The first alien showed the second alien the document. The second alien studied the text in silence. As he read, his companion wrapped an enormous hand around the thimble of beer. He delivered the flat liquid to his cavernous mouth in a graceful swoop.

The nervous waitress hovered nearby, trying to decide whether or not these giants could drink more. The first alien held the bottle up to feel its empty weight, caught her eye, and nodded.

She hurried over with a new bottle, and levered the cap from its neck as quickly as she could. Then she backed away to her plastic stool in the shadows.

The second alien reached the end of the page, and looked up. He released a stream of atonal sounds.

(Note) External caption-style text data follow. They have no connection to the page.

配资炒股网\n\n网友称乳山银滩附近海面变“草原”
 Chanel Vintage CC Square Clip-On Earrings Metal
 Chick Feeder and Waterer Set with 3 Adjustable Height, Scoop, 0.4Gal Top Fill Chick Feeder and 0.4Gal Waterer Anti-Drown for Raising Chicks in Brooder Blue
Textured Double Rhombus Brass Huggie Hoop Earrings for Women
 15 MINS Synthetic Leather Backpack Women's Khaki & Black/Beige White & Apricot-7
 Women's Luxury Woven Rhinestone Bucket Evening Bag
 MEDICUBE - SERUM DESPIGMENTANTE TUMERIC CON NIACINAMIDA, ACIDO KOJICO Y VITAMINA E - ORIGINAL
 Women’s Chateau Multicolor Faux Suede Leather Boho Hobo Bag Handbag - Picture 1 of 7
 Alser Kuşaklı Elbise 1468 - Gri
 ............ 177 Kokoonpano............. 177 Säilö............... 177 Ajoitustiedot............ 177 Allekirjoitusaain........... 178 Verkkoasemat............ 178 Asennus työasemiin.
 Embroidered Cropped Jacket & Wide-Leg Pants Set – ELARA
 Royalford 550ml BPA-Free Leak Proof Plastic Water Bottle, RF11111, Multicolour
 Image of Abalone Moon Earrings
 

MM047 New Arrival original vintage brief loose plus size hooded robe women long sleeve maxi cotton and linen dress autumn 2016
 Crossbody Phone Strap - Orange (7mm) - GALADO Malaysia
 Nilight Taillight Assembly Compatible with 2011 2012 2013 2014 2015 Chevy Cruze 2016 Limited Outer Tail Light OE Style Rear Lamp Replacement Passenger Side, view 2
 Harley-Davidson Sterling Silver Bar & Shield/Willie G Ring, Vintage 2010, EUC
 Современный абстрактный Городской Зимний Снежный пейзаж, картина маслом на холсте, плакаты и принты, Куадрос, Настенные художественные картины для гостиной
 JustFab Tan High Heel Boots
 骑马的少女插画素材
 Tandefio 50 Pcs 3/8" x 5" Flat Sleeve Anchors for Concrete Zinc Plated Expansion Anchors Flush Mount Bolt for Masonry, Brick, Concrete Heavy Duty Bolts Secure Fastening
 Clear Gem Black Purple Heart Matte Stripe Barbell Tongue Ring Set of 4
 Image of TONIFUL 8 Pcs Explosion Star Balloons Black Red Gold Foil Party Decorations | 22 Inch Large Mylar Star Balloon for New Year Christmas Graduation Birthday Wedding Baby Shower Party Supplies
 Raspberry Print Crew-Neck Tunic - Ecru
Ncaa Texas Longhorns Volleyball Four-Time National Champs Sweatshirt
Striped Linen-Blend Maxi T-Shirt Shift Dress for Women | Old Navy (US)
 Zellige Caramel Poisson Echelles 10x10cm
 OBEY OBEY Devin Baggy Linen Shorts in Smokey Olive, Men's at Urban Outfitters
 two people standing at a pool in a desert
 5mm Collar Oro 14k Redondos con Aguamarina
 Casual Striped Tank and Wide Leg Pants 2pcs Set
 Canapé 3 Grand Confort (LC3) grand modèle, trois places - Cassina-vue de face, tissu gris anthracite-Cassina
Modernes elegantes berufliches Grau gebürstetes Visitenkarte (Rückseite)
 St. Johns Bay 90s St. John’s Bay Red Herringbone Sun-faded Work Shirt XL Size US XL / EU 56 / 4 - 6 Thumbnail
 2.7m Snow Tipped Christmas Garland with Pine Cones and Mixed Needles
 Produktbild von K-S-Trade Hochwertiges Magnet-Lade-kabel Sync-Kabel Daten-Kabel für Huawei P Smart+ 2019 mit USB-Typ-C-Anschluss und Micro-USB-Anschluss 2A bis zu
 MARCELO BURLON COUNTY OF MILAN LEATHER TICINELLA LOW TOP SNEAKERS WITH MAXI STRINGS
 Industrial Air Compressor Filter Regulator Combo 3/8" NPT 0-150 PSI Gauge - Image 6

The first alien replied in the same unwavering pitch, and poured out two more thimbles of beer. He pushed one across the table for his friend.

The second alien swept yellow hairs from across his forehead, and raised his thimble for a toast. He made a short, sharp noise, and they downed the beers.

The waitress listened, and watched.

When they left the little restaurant for their lodgings along the street, she looked at the paper they had abandoned on the table. The white sheet made her think of their ghostly skin.

She couldn’t understand any of the characters on the paper. But after an evening of listening, and watching, she had started to see that the aliens’ expressions were the same as her own, warped across exaggerated features and thrown into stark relief against their complexions. Like emotions painted on a mask, she thought.